Unfortunately, this also leaves that government free: free of accountability, of responsibility, of justification. This gives those same people who we all care so little about the ability to do whatever they like with whatever resources it would like to claim it has. One doesn’t need to be versed in the history of societies or trained in public choice theory or even pick up the morning paper to see these effects, just look at our model government: the ASUN.

Briefly, the ASUN is inefficient, unjustified, propped up on a false proposition, in no way in a position to intelligently spend the money of 12,000 people, full of people placed there not by a vast majority vote but by small proportion of the population which exudes a huge influence, fiscally irresponsible, riddled with inconsistencies, full of unfixable problems, managed by a superficial system of checks and balances, stitched together with an unworkable hodgepodge of outdated procedures to deal with current situations, and has more committees than it knows what to do with, use, understand the purpose of, or logically explain to you, me, or anyone who asks why, how, or for what reason they can, should, and do exist.

Did you get all that? Me neither. Who would? Governments talk more than we want to listen. They talk and talk and speak and whisper and shout and proclaim and say that this and this and that and this and other stuff should be done and that you should care and that if you don’t you’re part of the problem and you should be ashamed, ashamed, and blamed and blamed.

It’s  not your fault that governments are bad.
It’s not your fault that you don’t care that they’re bad.
It’s not your fault that you don’t care that you don’t care that they’re bad.

Governments are bad (that is, they are plagued with the faults mentioned a few paragraphs above), regardless of whether or not you care about them. You know that. They should know that too. We over here at the UNR Students for Liberty have tried every which way we can to make ASUN better.

These approaches have varied from talking with senators to attending their meetings to making a stand against proposed legislation to (for those of the more radical amongst us) calling for their complete abolishment. The case could be made that no government > bad government, but that is ultimately a discussion for another time. One thing we can all agree on is that a Good Student Government is better than a Bad Student Government. And right now, we need ASUN to be something different than a bad student government.

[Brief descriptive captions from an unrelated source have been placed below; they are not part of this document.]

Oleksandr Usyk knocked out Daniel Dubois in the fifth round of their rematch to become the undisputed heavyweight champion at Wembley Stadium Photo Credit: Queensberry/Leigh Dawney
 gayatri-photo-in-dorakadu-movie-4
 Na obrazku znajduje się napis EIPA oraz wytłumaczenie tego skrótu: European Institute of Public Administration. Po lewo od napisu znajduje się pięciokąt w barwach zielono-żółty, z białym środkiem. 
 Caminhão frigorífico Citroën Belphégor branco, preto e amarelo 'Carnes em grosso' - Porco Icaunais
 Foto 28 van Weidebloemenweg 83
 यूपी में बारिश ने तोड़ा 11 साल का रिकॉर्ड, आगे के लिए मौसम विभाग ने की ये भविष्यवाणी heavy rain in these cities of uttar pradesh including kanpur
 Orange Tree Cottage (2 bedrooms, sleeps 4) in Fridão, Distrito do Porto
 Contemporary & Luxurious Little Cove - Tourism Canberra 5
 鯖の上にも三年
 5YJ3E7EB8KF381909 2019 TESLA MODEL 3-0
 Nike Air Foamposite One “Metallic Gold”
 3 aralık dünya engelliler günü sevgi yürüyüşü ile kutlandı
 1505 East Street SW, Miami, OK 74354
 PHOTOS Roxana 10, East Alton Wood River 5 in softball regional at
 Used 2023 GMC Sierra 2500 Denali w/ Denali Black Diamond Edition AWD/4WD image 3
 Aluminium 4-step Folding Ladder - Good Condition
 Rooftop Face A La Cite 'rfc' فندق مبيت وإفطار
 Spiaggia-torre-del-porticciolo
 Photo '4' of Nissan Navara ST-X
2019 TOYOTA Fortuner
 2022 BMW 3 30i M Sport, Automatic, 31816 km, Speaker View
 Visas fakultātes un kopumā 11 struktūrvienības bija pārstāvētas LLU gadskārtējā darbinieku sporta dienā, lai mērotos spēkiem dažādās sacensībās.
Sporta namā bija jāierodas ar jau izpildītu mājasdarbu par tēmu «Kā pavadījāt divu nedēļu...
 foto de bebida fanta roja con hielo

In the spirit of the holidays, we have tried to show places where the ASUN (like all governments) has gone wrong and even suggested here and there how things might be better. Whether these “gifts” are cherished, burned like coal, left to accumulate dust in the corner, dreaded like a homemade knitted sweater, or simply returned for store credit, I’m not sure. But at the very least, we hope we’ve given you (and the ASUN) something to think about. Now, get off the computer and go enjoy your family and friends.